Effective November 1, 2007, the United States Sentencing Commission enacted Amendment 706 to the United States Sentencing Guidelines. In general, and with certain exceptions, Amendment 706 (as amended by Amendment 711) operates as a downward ratchet on the penalty structure for crack cocaine offenses to reduce the guideline ranges for particular drug quantities, such that the base offense level associated with a given crack cocaine quantity falls by two levels. The Commission has deemed this amendment to apply retroactively, with an effective date of March 3, 2008. See U.S.S.G. § 1B1.10(c); Amendments 712 and 713. Through his motion, defendant seeks to avail himself of the modified guidelines scheme for crack cocaine offenses effectuated by Amendment 706. Pursuant to 18 U.S.C. § 3582(c)(2), the Court is empowered to reduce defendant’s sentence under these circumstances. See generally United States v. Armstrong, 347 F.3d 905, 909 (11th Cir.2003) (“amendments claimed in § 3582(c)(2) motions may be retroactively applied solely where expressly listed under § 1B1.10(c)”).

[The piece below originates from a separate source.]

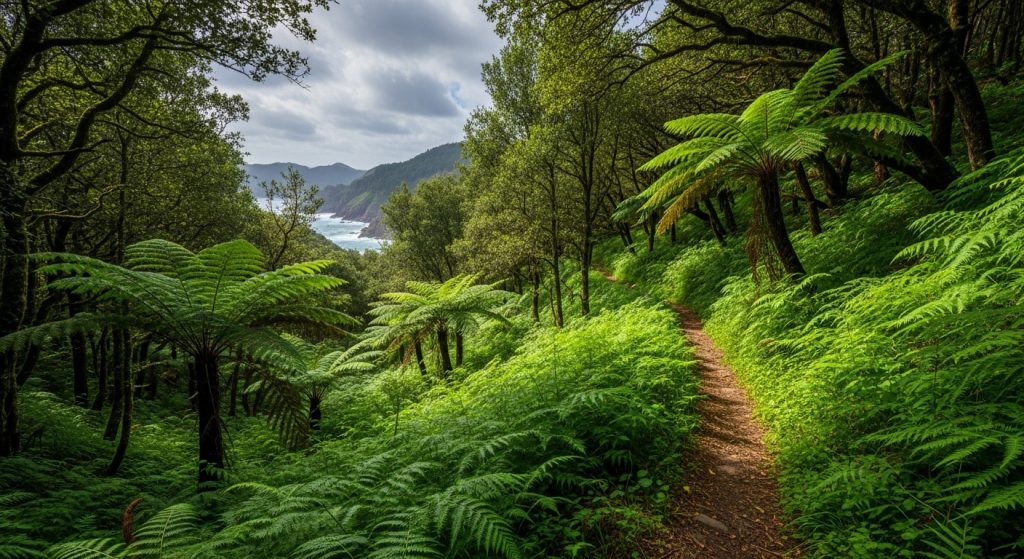 Travesía da Serra de Argas: o paraíso dos fentos en Allariz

After review of defendant’s motion and all relevant factors prescribed by § 1B1.10 and Application Note 1(B) to same, the Court has determined that a reduction of sentence based on the amended guideline range may be appropriate in this case. Defendant’s original guidelines range was 235 to 293 months, and the late District Judge Vollmer imposed a low-end sentence of 235 months. According to the revised guidelines calculation prepared by the United States Probation Office, defendant’s new guidelines range is 188 to 235 months after retroactive application of Amendment 706. Imposing a similar low-end sentence in this case would result in a sentence of 188 months, a reduction of 47 months (or fully 20% of the original sentence). Unless either party files a written objection on or before July 23, 2008, the Court will enter an order reducing defendant’s term of imprisonment to 188 months.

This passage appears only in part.